- **PROBLEM TO SOLVE**
Once you find the line with "Denizin ortasındaki şehirde" in the data below, transcribe exactly each line from there to the line with "Replay anbass 29/32", inclusive, and nothing else. Drop the pictures.

- **PROVIDED DATA**
= = =

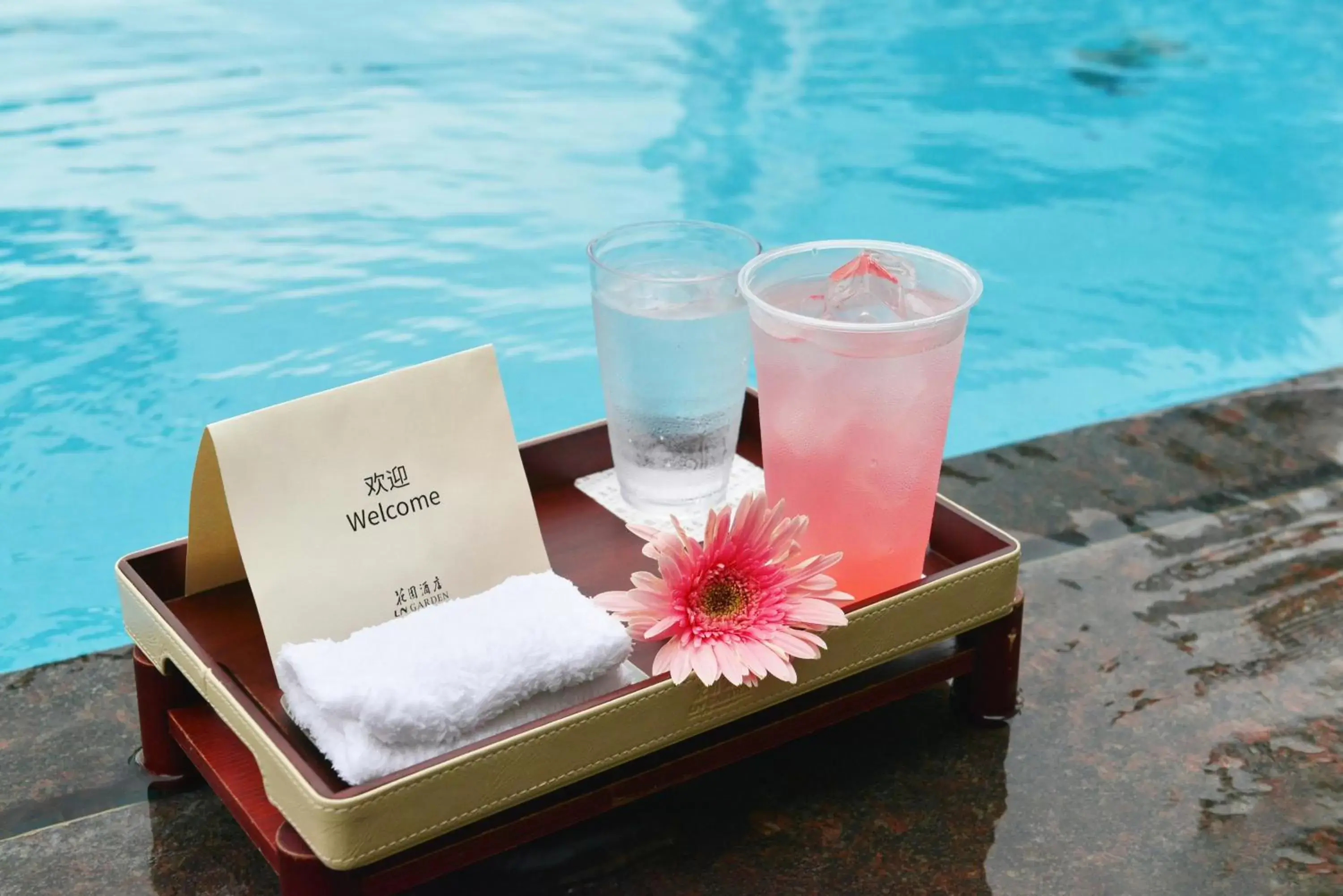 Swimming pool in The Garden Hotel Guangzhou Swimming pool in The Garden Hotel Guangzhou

= = =

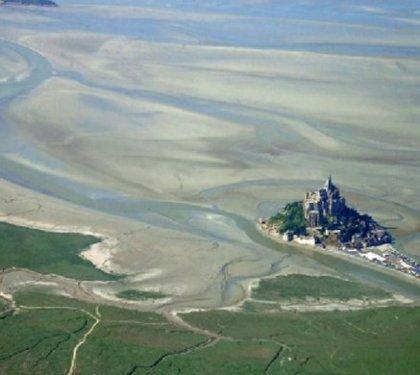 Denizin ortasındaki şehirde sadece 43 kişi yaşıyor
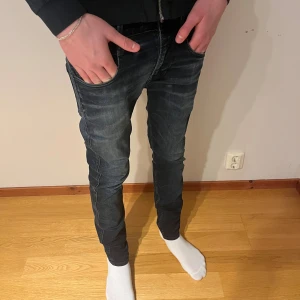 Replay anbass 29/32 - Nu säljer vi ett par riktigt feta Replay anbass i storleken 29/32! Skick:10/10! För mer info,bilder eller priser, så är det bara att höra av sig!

= = =

- **RESPONSE**
 Denizin ortasındaki şehirde sadece 43 kişi yaşıyor
 Replay anbass 29/32 - Nu säljer vi ett par riktigt feta Replay anbass i storleken 29/32! Skick:10/10! För mer info,bilder eller priser, så är det bara att höra av sig!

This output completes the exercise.